Problem to work on |
As you print the data below, keep every line exactly as it is and leave the images behind.

Provided data |

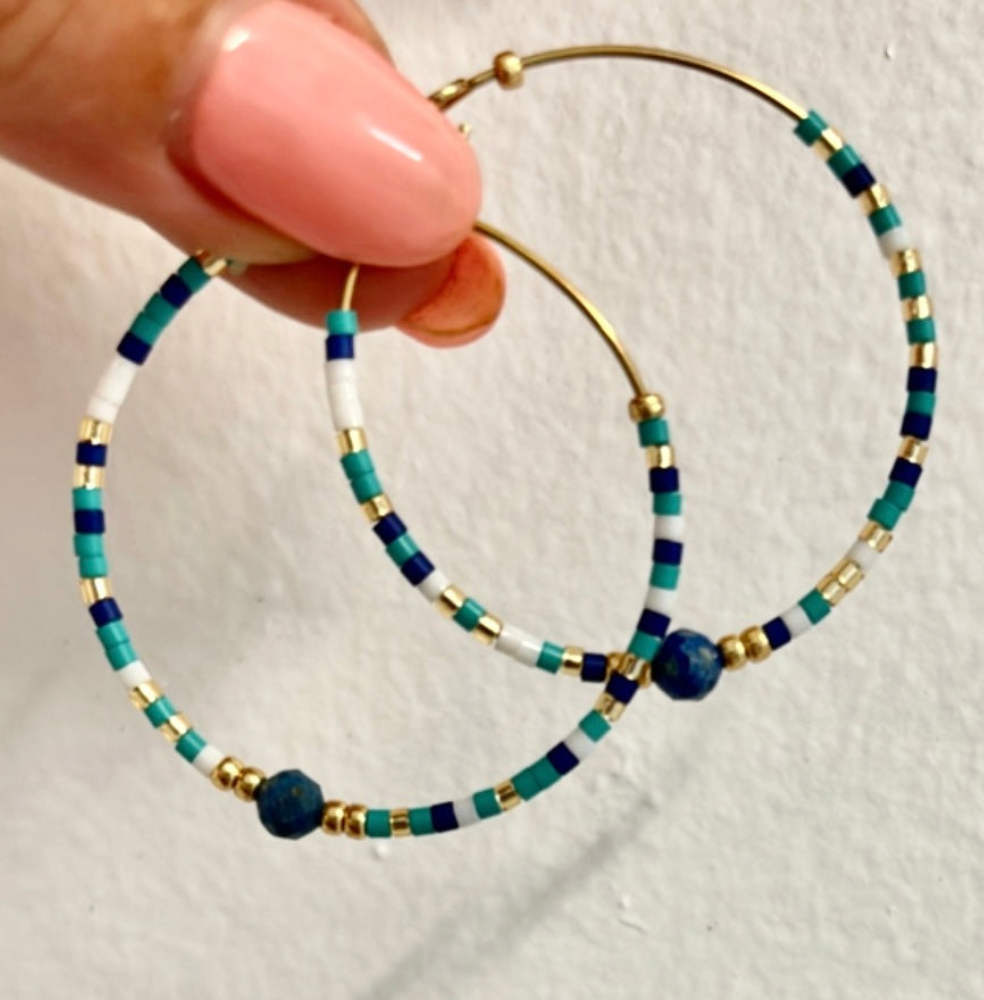 Seline Hoop - Mixed Blues Earring
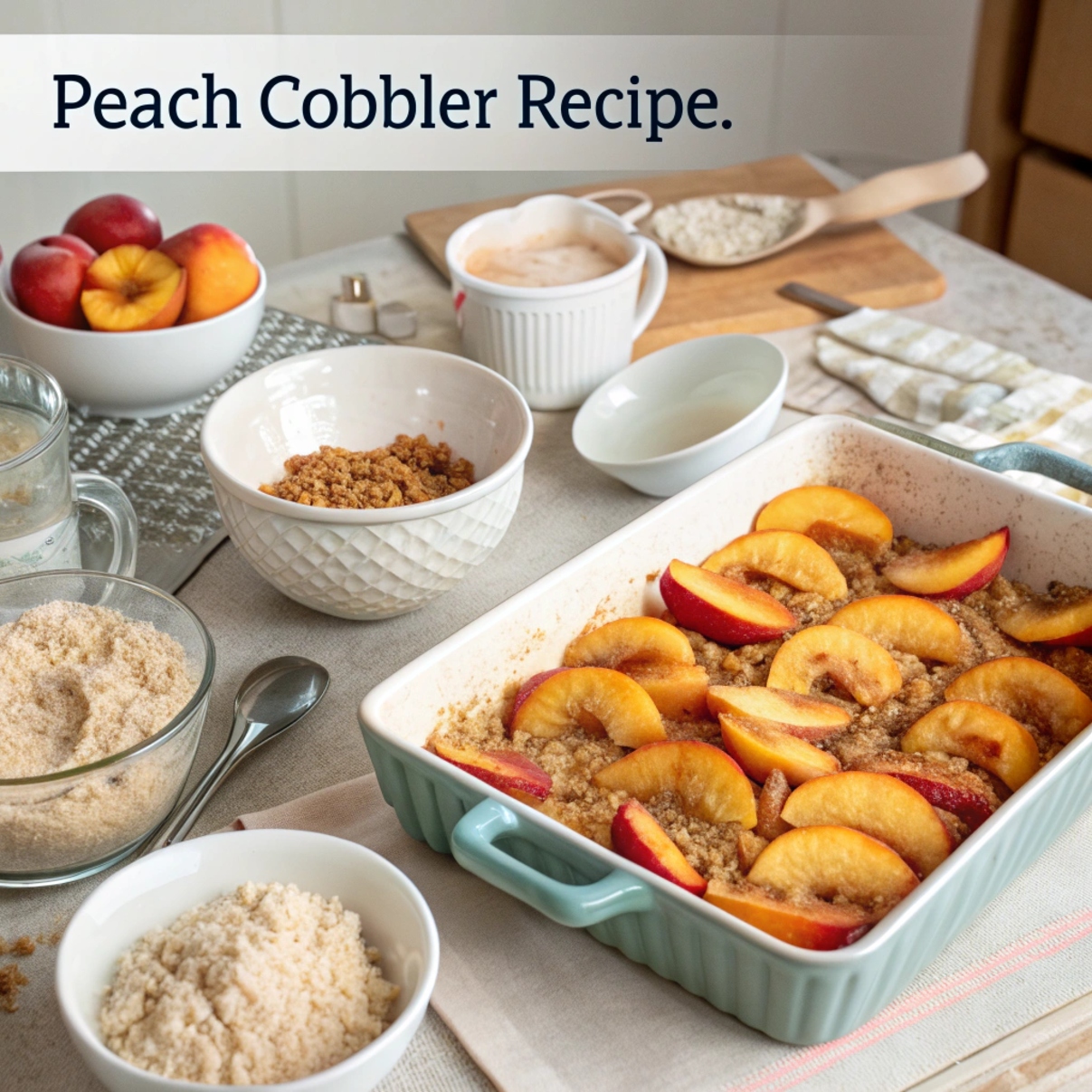 Step-by-step instructions for making peach cobbler, recipe including mixing batter and layering peaches before baking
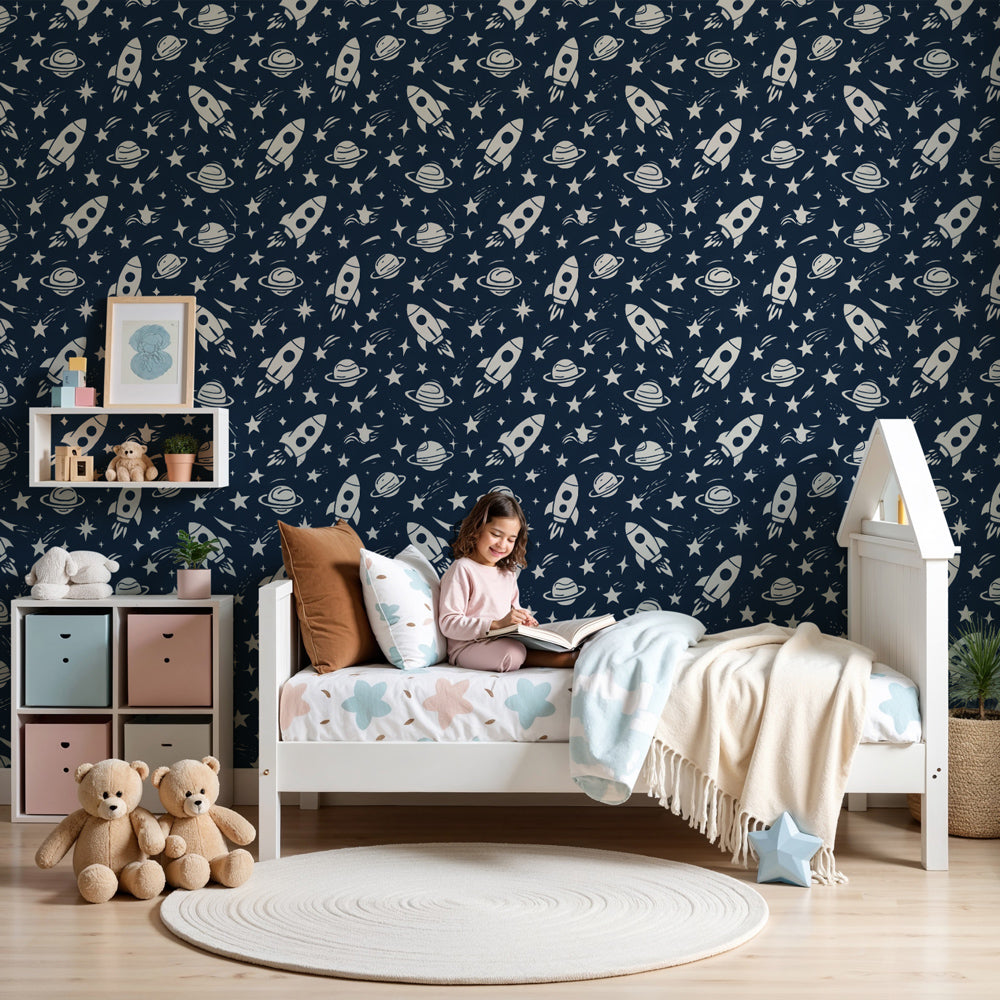 Space rocket mural wallpaper with planets in modern kids bedroom by Kids-Mundo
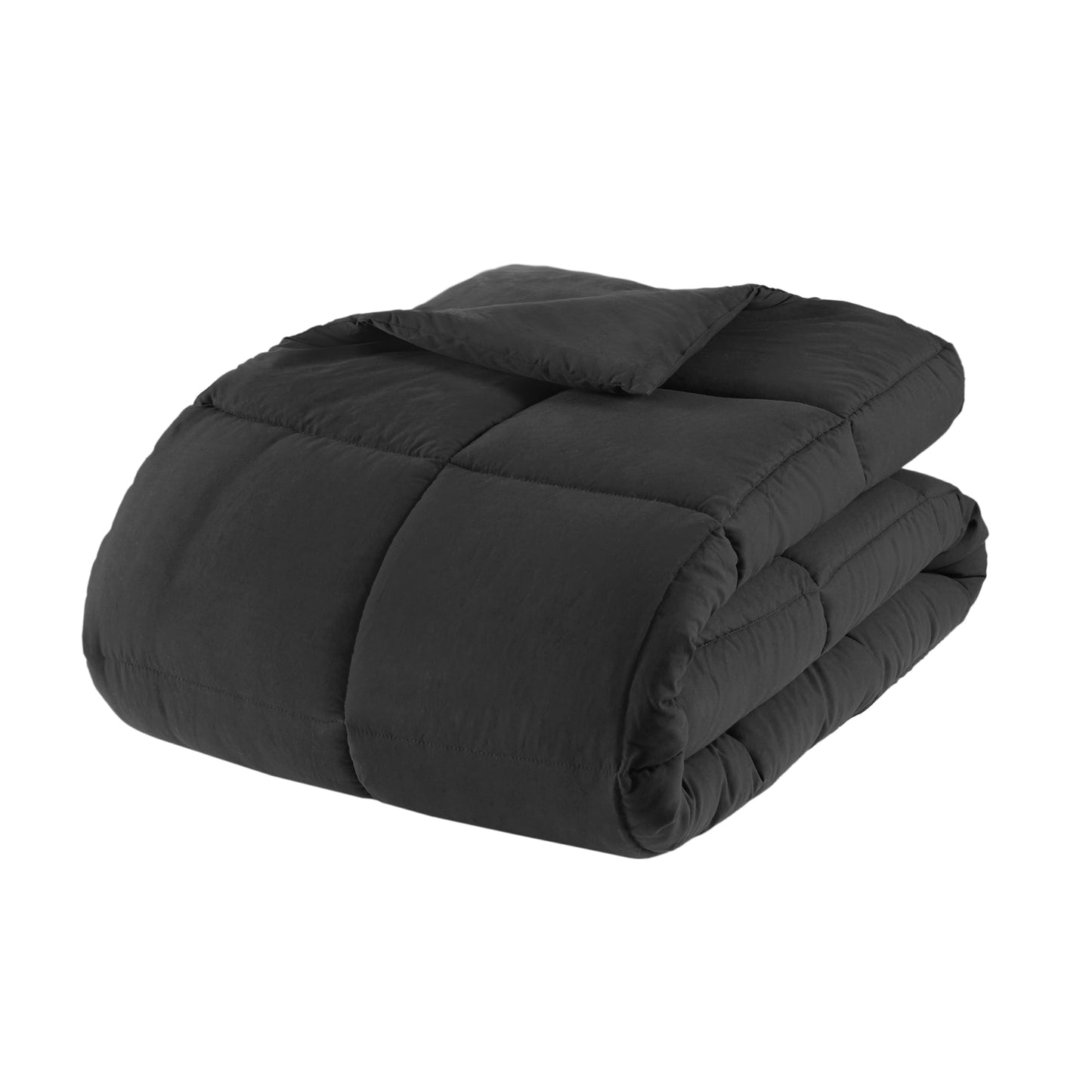 All-Season All in One Down Alt Reversible Comforter and Sheet set- 5 Piece, Twin, Black - All-Season Down Alternative Comforter Insert Detail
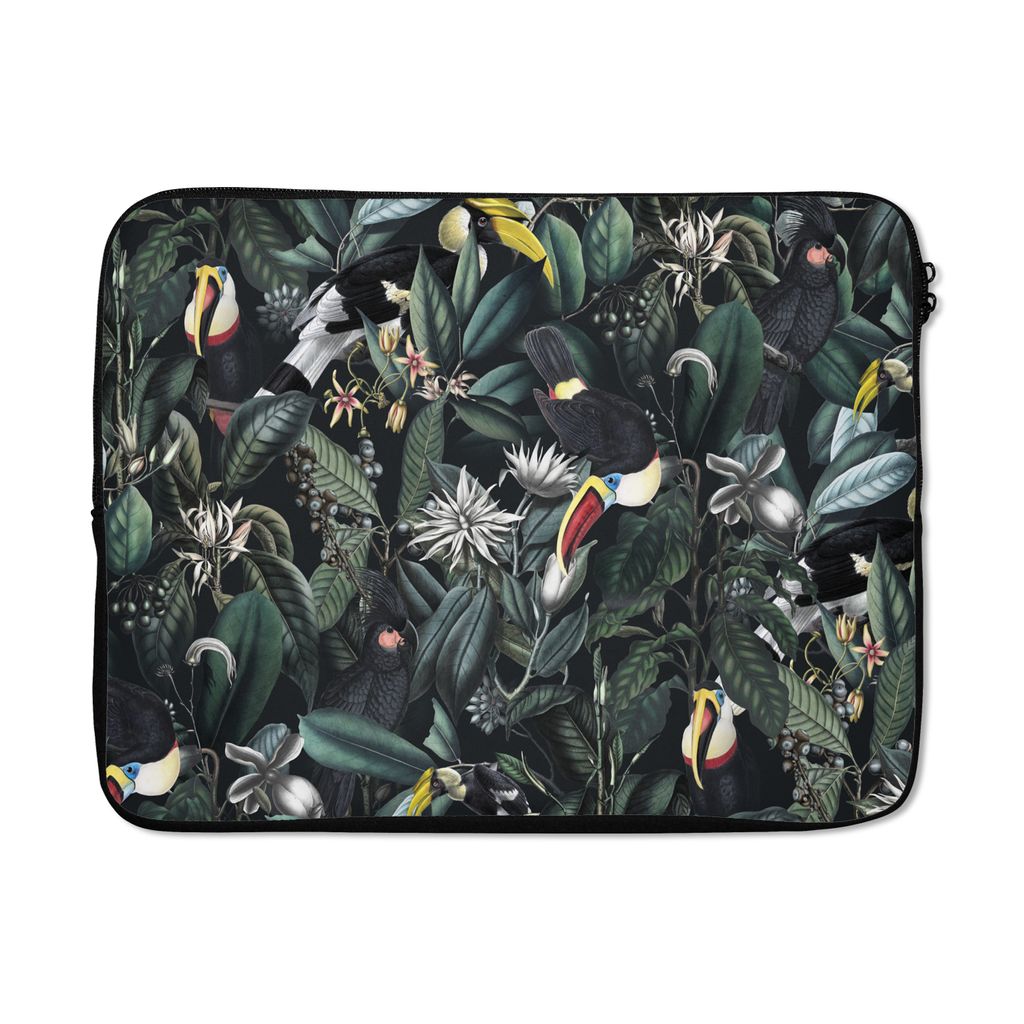 MuchoWow Laptop Hülle 15 Zoll Blumen - Tukan - Blätter Laptoptasche - Laptoptasche - Sleeve - Rundum-Schutz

Written response |
 Seline Hoop - Mixed Blues Earring
 Step-by-step instructions for making peach cobbler, recipe including mixing batter and layering peaches before baking
 Space rocket mural wallpaper with planets in modern kids bedroom by Kids-Mundo
 All-Season All in One Down Alt Reversible Comforter and Sheet set- 5 Piece, Twin, Black - All-Season Down Alternative Comforter Insert Detail
 MuchoWow Laptop Hülle 15 Zoll Blumen - Tukan - Blätter Laptoptasche - Laptoptasche - Sleeve - Rundum-Schutz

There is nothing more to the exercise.